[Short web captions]
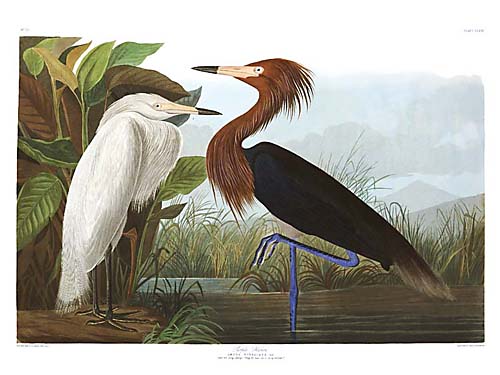 John James Audubon Limited Centennial Edition Giclee on Paper:"Reddish Egret"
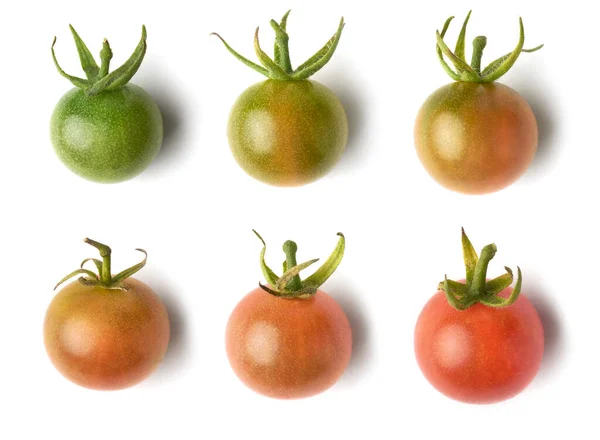 Pomidory Wiśniowe Niedojrzałe Dojrzałych Jagód Izolowane Białym Tle Widok Bliska — Zdjęcie stockowe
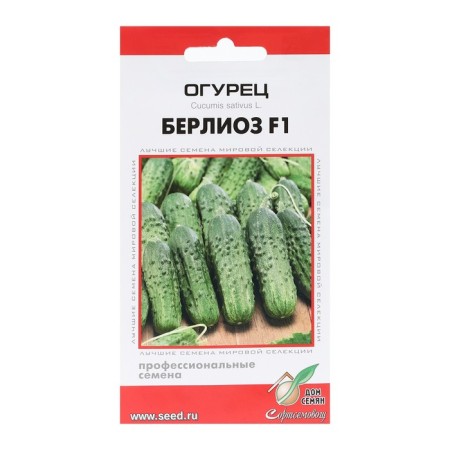 Cucumber seeds "Berlio", F1, 6 pcs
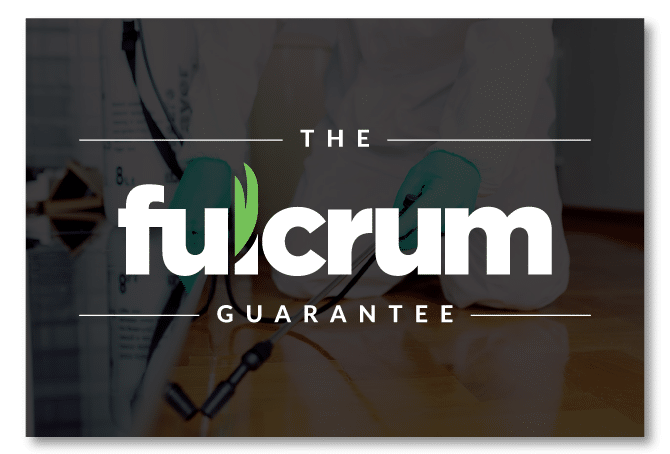 Fulcrum Pest Control El Paso Pest Control Services Local Exterminators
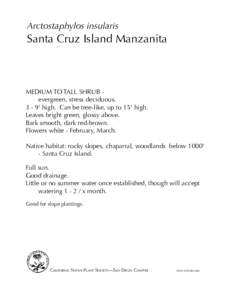 Arctostaphylos insularis  Santa Cruz Island Manzanita Medium to tall shrub 	 evergreen, stress deciduous.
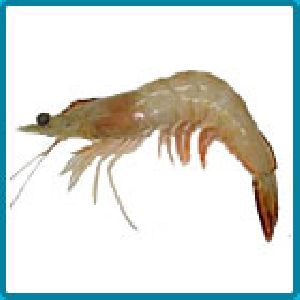 Naran (White Shrimp)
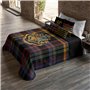 Couette légère Harry Potter Classic Hogwarts Multicouleur 250 g/m² 235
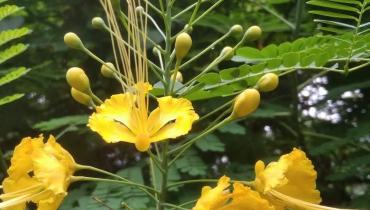 Instigram Photo Gallery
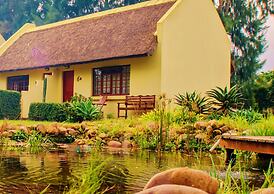 Rosedale Organic Farm B&B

HOW TO COMPLETE THIS TASK. Exactly the lines from the one holding "Instigram Photo Gallery" through the last line of the entries must be set down, with nothing added and no pictures.

ANSWER BOX.
 Instigram Photo Gallery
 Rosedale Organic Farm B&B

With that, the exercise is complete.